Things have not changed in the media in those ten years between then and now. This is not the first time I brought this up of course. I discussed the distortion around Benedict XVI back in 2010 and every time since. We should know by now that even when people had access to the true statement, those guilty of misrepresentation denied that they had done anything wrong and the misrepresentation continued.

But despite the ten years of experience we have had in the media getting nuance flat out wrong, once again, the media took a quote from the Holy Father out of context. And, once again, Catholics used that misrepresentation as an excuse to push their own agenda—whether trying to change Church teaching or bash the Pope—and once again people are saying that the Pope is to blame for “not speaking clearly.” I do not see a need to go over why the stories were wrong.
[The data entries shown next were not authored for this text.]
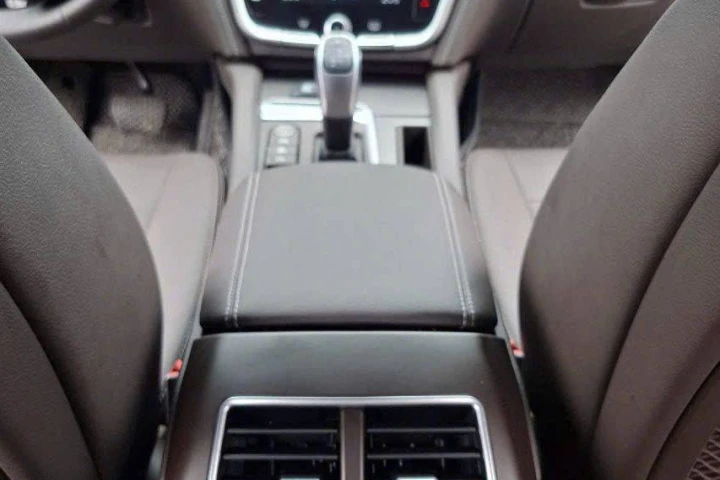 VinFast Lux A2.0 2022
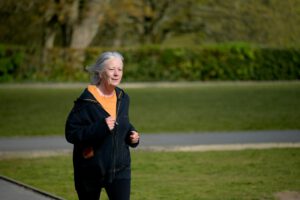 Ältere Frau joggt im Park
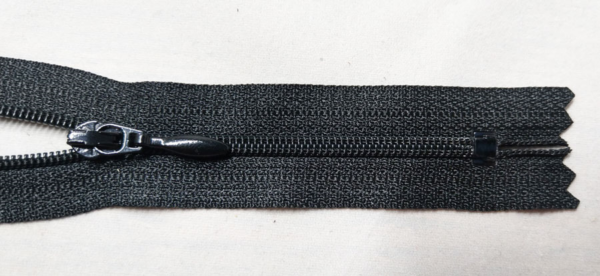 YKK glidelås 4mm spiral, ikke delbar 15cm - sort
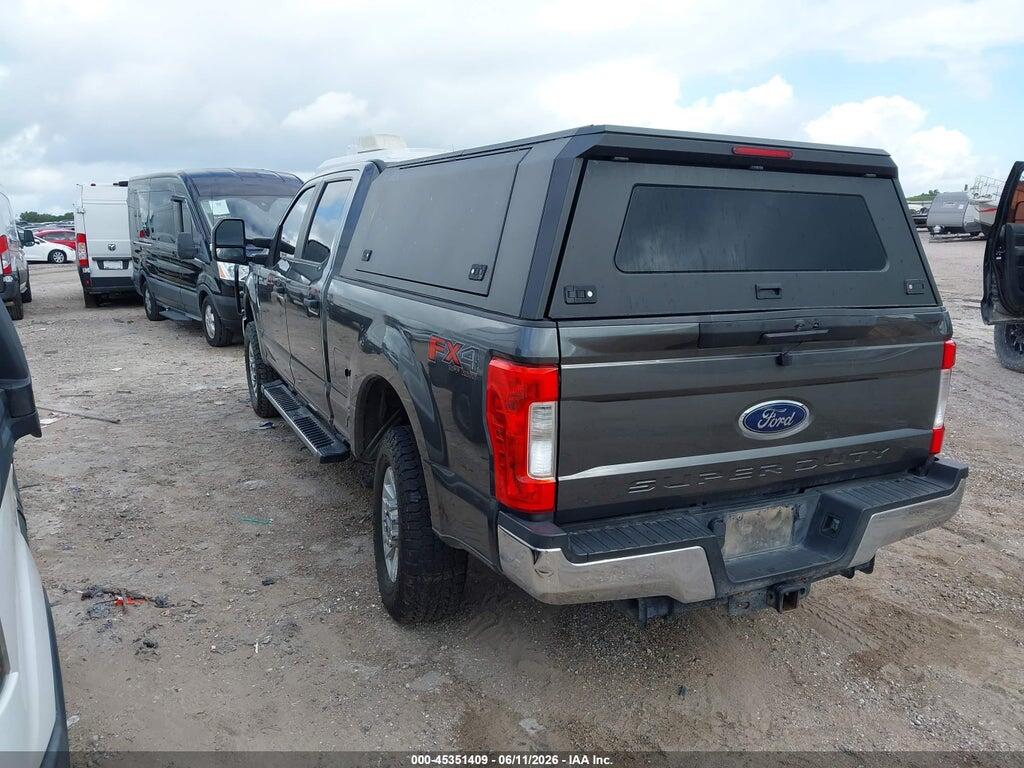1FT7W2B64KED36220 2019 FORD F-250 photo no. 3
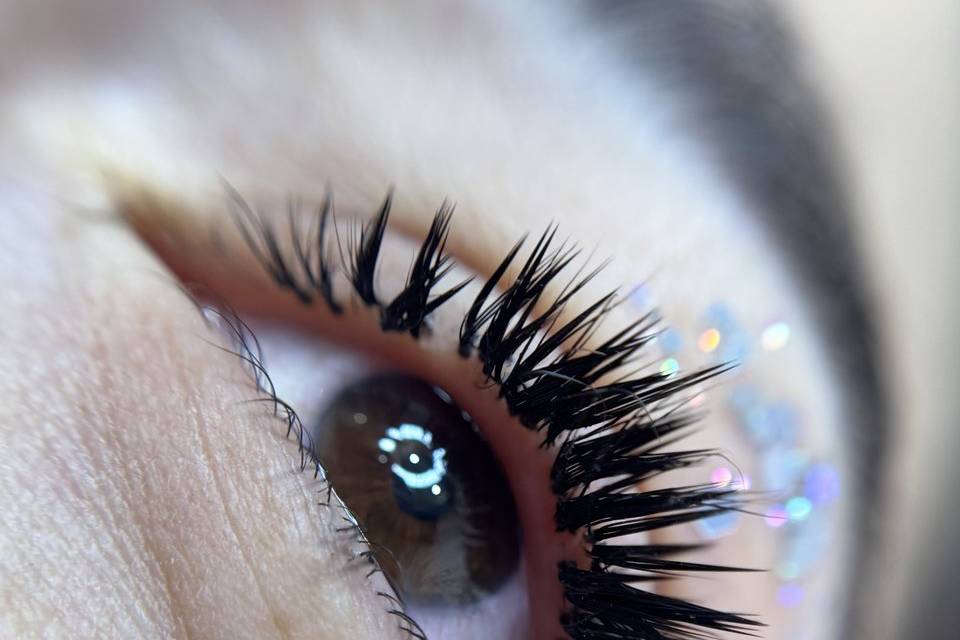 Wet Eye-liner Effect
There are several good ones worth reading that have already been written.

This debunking has been effective enough that even the secular media now widely acknowledges that the director of the movie Francesco spliced quotes together and the line of civil unions came from a different part of a 2019 interview in Mexico than the rest of the segment that has people outraged. Nobody knows the context of the line yet. But that has not stopped people from inventing a “new teaching” or blaming the Pope for this unethical editing… as if anyone would come across well if someone with an agenda took our quotes apart and resequenced them.

So, let me be clear. Catholics like myself who defend the Pope, do not do so because we support a “change in teaching.” Rather, we reject those claims that he intends to change teaching as being false.
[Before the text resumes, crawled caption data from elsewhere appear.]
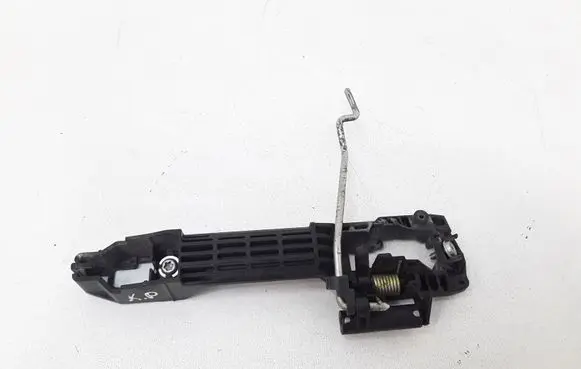 Toyota Avensis T250 Front door exterior handle/bracket 242303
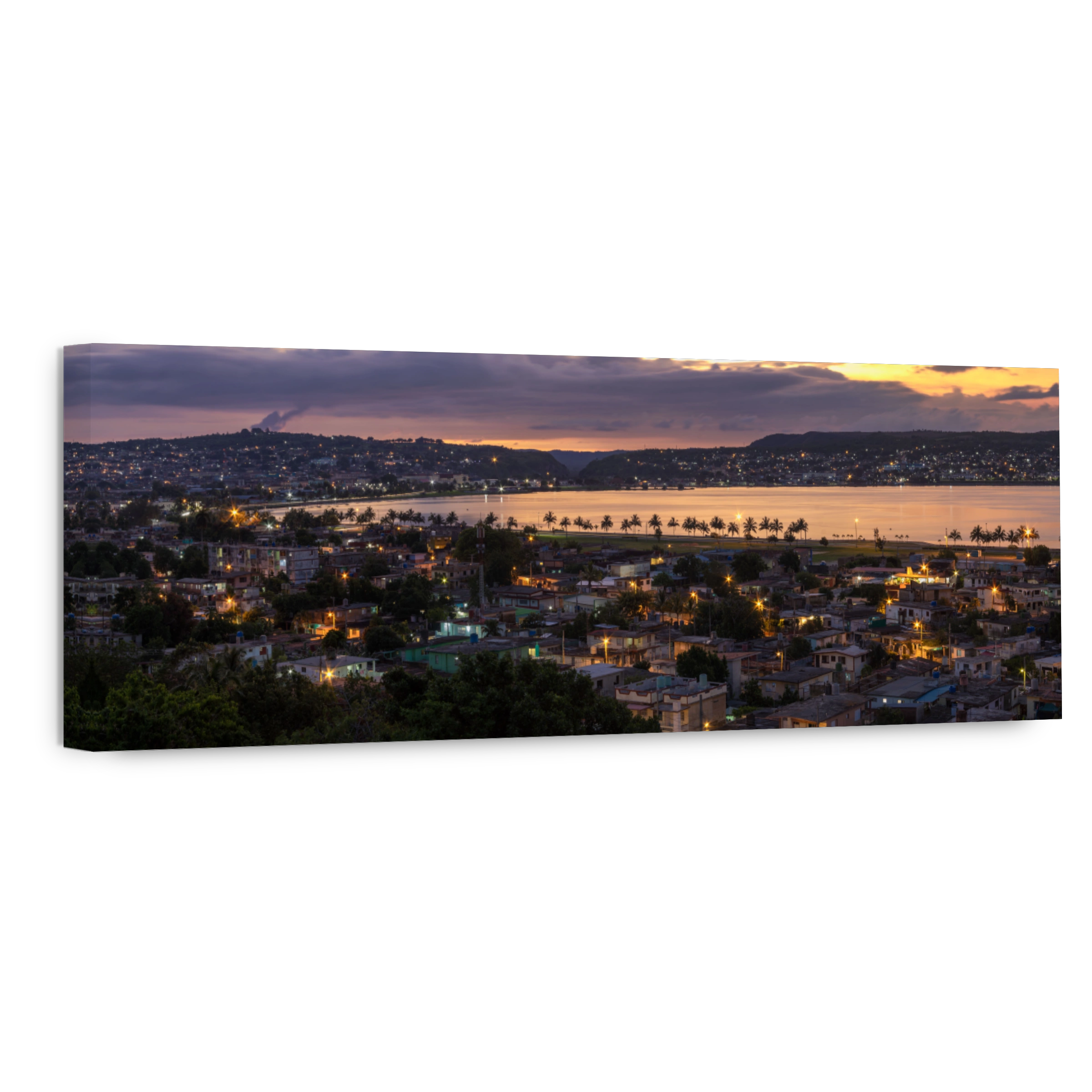 Scenic sunset view over the sea in Matanzas, Cuba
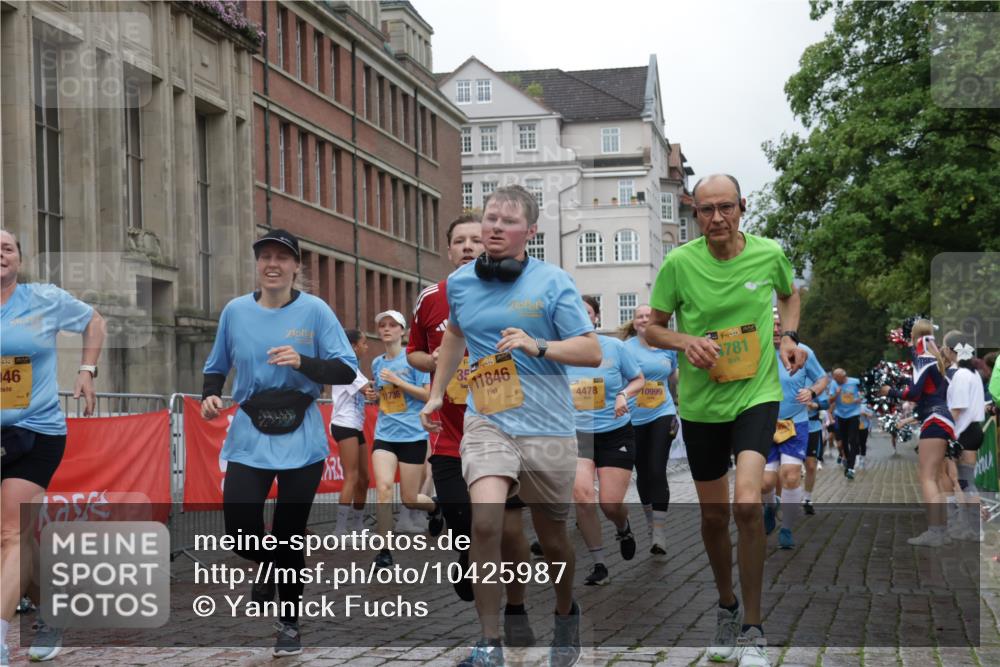 13.09.2026 - Kiel Lauf Yannick Fuchs http://msf.ph/oto/10425987 13.09.2026 11:03:31 Ziel 697, 1698, 2724, 2846, 2878, 3155, 3744, 4074, 4854, 6341, 6524, 6525, 6953, 7282, 7656, 8946, 9363, 12650, 986, 1635, 1923, 2254, 2796, 2878, 2975, 3513, 3621, 3635, 3912, 4478, 4658, 4757, 4781, 5046, 5893, 5998, 6224, 6319, 6669, 6768, 7282, 7656, 8130, 8136, 8204, 8288, 8782, 9059, 9063, 9070, 9202, 9614, 9663, 9819, 10664, 10806, 10999, 11255, 11736, 11846, 12550, 643, 1089, 1505, 2807, 3049, 5377, 5588, 5820, 9331, 9581, 9955, 11172, 11930, 1095, 2796, 3513, 6934 meine-sportfotos.de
This leads to the question which another round of false claims should lead Catholics to ask: Why do we never learn from past repetitions of our same damned error? Every single time the Pope is accused of promoting error or going against past teaching, and every single time it involves the eisegesis that is put into his words by people who either want to promote a teaching or want to undermine the Pope. 

I am inclined to think this is typical of certain “anti” groups. Whether anti-Francis Catholics, anti-Catholics, anti-Semites, anti-Muslims etc., we see two factors. First, ignorance about what the target believes. Second, a false belief that the person or group is capable of whatever the accusation is. The most repugnant version of this behavior is the “ritual sacrifice” calumnies against the Jews. But we see all sorts of bizarre lies told about others too.  In this case, like the others, we see people who are ignorant of what Pope Francis has said but believe him—in a positive or negative sense—to be willing and capable of doing what he is accused of doing.

When such ignorance§ is in play, questioning the allegation as seen as “explaining away” or “denial.” But the fact remains: People are assuming things based on what they want to believe, accepting only those accounts that confirm what they think. Then, as those accounts they follow exaggerate further, people become absolutely convinced that this deformation is revealing more “truth” about the ignorant assumptions they assume are true.

But we do not do this in other areas. If Candidate A says something false about Candidate B, Candidate B’s partisans will not rest until the lie is exposed. But Candidate B’s partisans will not do this about the Pope if the false narrative is what they want to believe. The problem is our knowledge of “fake news” and other unethical reporting when it harms what we favor, shows that we are aware that this tactic exists. And since we are aware, we have an obligation to determine whether a claim is true before repeating it, regardless of whether it is about our ally or our enemy. But where is the attempt “to give a favorable interpretation to another’s statement than to condemn it”? Where is the attempt to “ask how the other understands it”? The Catholic teaching demands that we do this before accusing the Pope of error. But everybody jumps right to assuming what they hear is true.

And then, when debunked, those who rashly judged or calumniated blame the Pope for their own failure. They say he should have spoken more clearly, when in fact, these people chose to believe what they wanted to hear and explain away* every correction as “spin.”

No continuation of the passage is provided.